• _Work instruction_
Your reply should reproduce each entry exactly and contain no pictures.
Records Start Marker
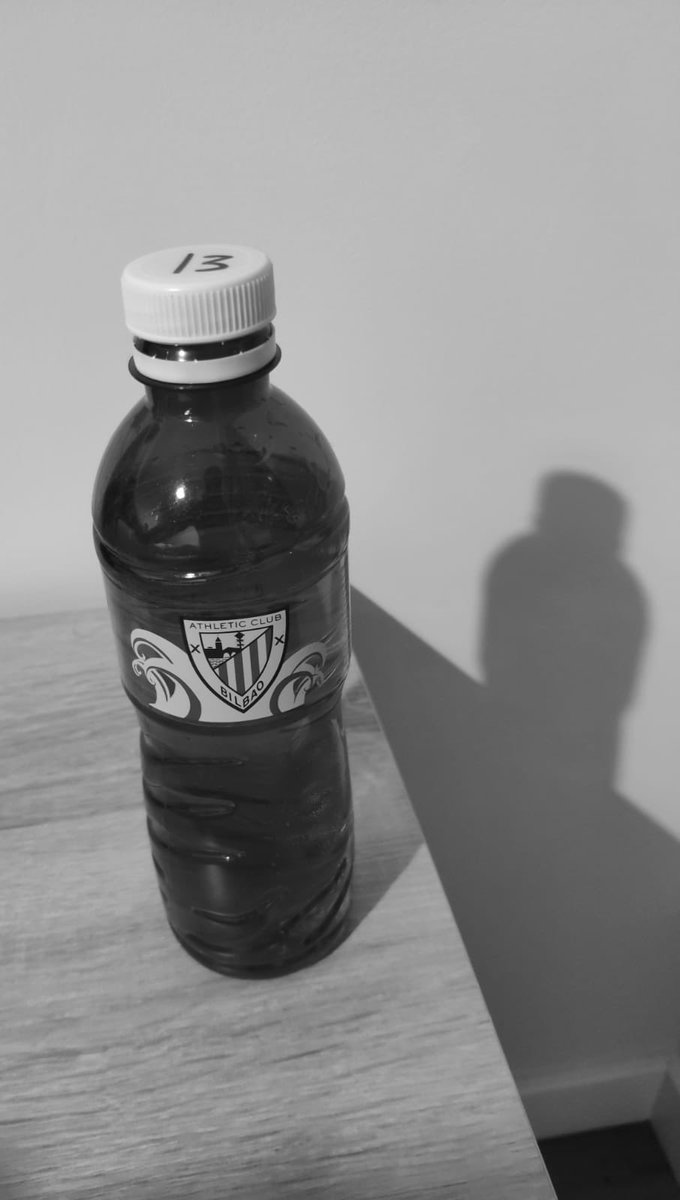 grasshopper13's tweet photo. 7 días de fotografías en blanco y negro, sin personas, sin explicaciones...
Reta cada día a una persona.
1/7
Me retó @elicapacia 
Reto a @mikelsouto https://t.co/URlDml3sN5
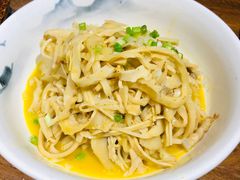 -小湘旺臭鳜鱼(百子湾店)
Records End Marker
• _Written response_
 grasshopper13's tweet photo. 7 días de fotografías en blanco y negro, sin personas, sin explicaciones...
Reta cada día a una persona.
1/7
Me retó @elicapacia 
Reto a @mikelsouto https://t.co/URlDml3sN5
 -小湘旺臭鳜鱼(百子湾店)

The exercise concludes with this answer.